_Work required_. Restate exactly the lines that run from the start of the records below to the line containing "Samburu Elephants", counting both ends, and nothing else; pictures stay out.
[[ Given data, beginning ]]
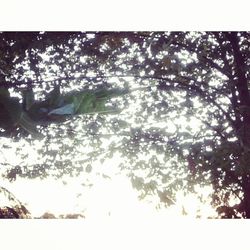 Low angle view of trees against sky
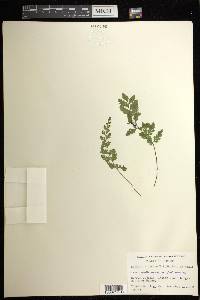 Asplenium plenum image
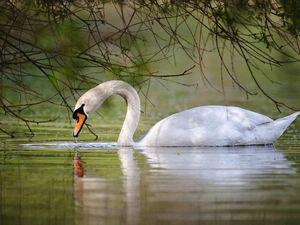 water, Swans, branch pics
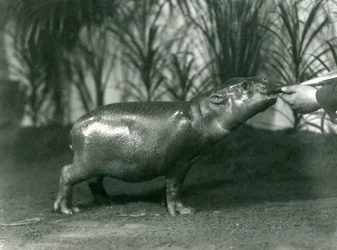 Percy, młody hipopotam karłowaty karmiony z ręki w londyńskim zoo, listopad 1923 (mc. zdjęcie)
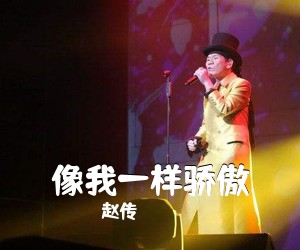 赵传《像我一样骄傲吉他谱》(D调)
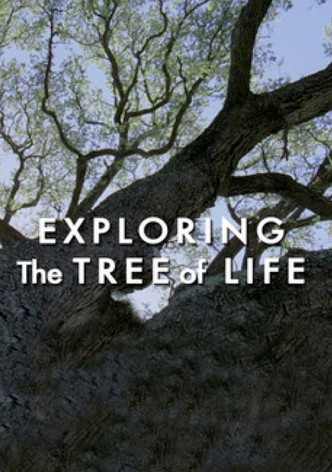 Exploring 'The Tree of Life'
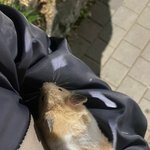 <b>햄스터</b> 주움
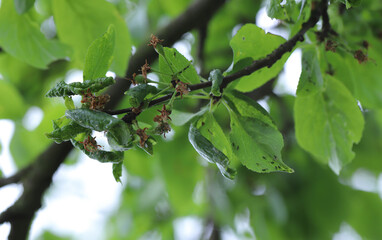 Leaves on the plum shoot curled up due to the presence of aphid colonies- Hyalopterus pruni (Mealy Plum Aphid).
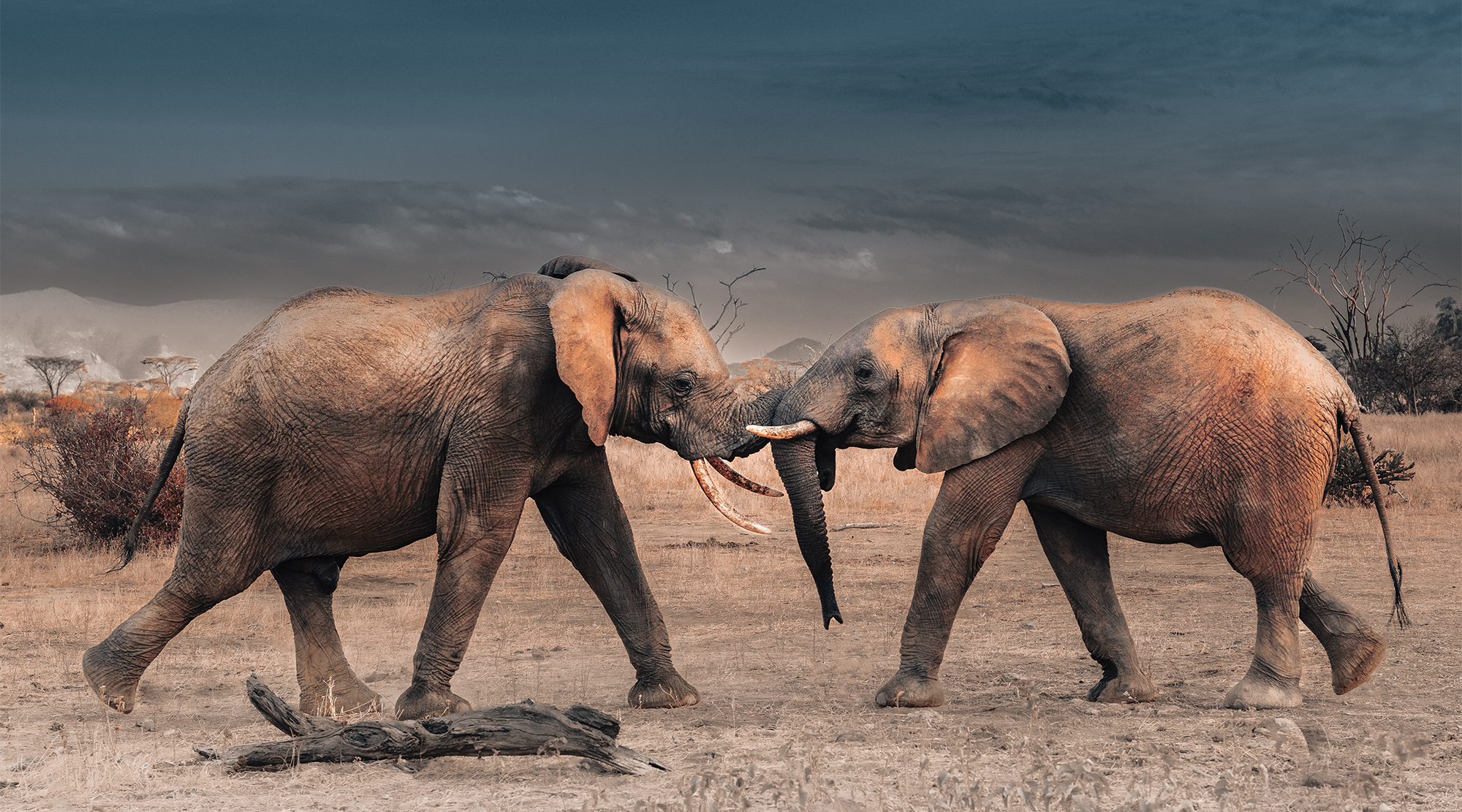 Samburu Elephants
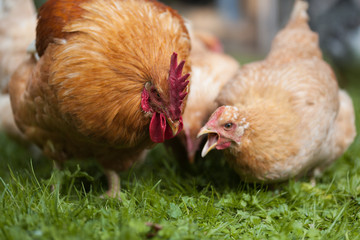 Rooster and chickens on traditional free range poultry farm. Close up of red hen walking on poultry farm.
[[ Given data, end ]]
_Your solution_.
 Low angle view of trees against sky
 Asplenium plenum image
 water, Swans, branch pics
 Percy, młody hipopotam karłowaty karmiony z ręki w londyńskim zoo, listopad 1923 (mc. zdjęcie)
 赵传《像我一样骄傲吉他谱》(D调)
 Exploring 'The Tree of Life'
 <b>햄스터</b> 주움
 Leaves on the plum shoot curled up due to the presence of aphid colonies- Hyalopterus pruni (Mealy Plum Aphid).
 Samburu Elephants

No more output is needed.